It’s no small feat to create signature menu items that customers associate intimately with your brand. Arby’s has curly fries. Potbelly Sandwich Shop has mini-cookie-topped milkshakes. Noodles & Company has Wisconsin Mac & Cheese. Shake Shack had crinkle fries, with their decidedly uniform, not-carved-by-hand appearance giving a nod to nostalgia for places and times in our lives where taste and fun trumped all other considerations. How an item was prepared or sourced, what it contained and certainly its nutrition profile were of little or no import; all that mattered was that it tasted good and provided fleeting pleasure.
Taste still reigns with consumers—no matter their age—especially when they’re choosing a more-indulgent item, such as french fries. (Indeed, as we’ve noted before, 96% of consumers say food taste/flavor is an important or very important factor in their selection of a limited-service restaurant.) And Shake Shack customers loved the taste and appearance of the original crinkle-cut fry.
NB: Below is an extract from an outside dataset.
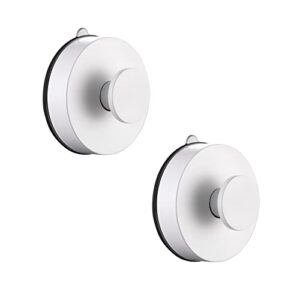 abtiabgy powerful vacuum suction cup hooks heavy duty organizer for towel, bathrobe and loofah - shower hooks for bathroom & kitchen - waterproof white (2 pack)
Shake Shack took away that “fun” factor of a crinkle-cut fry at its own peril, and it now has recognized its error.
Starting in November, crinkle-cut fries will be back on the menu, but in consideration of many consumers’ concerns with ingredient integrity and in honor of Shake Shack’s own commitment to Stand For Something Good, this generation of crinkles won’t contain any artificial ingredients. (Panera this summer made headlines for a similar no-artificial-additives pledge.) If they taste just like the classic fry that Shake Shack fans came to know and love, customers should be appeased. And Shake Shack will join the legion of restaurants to discover that what’s trendy isn’t always what’s right for the brand.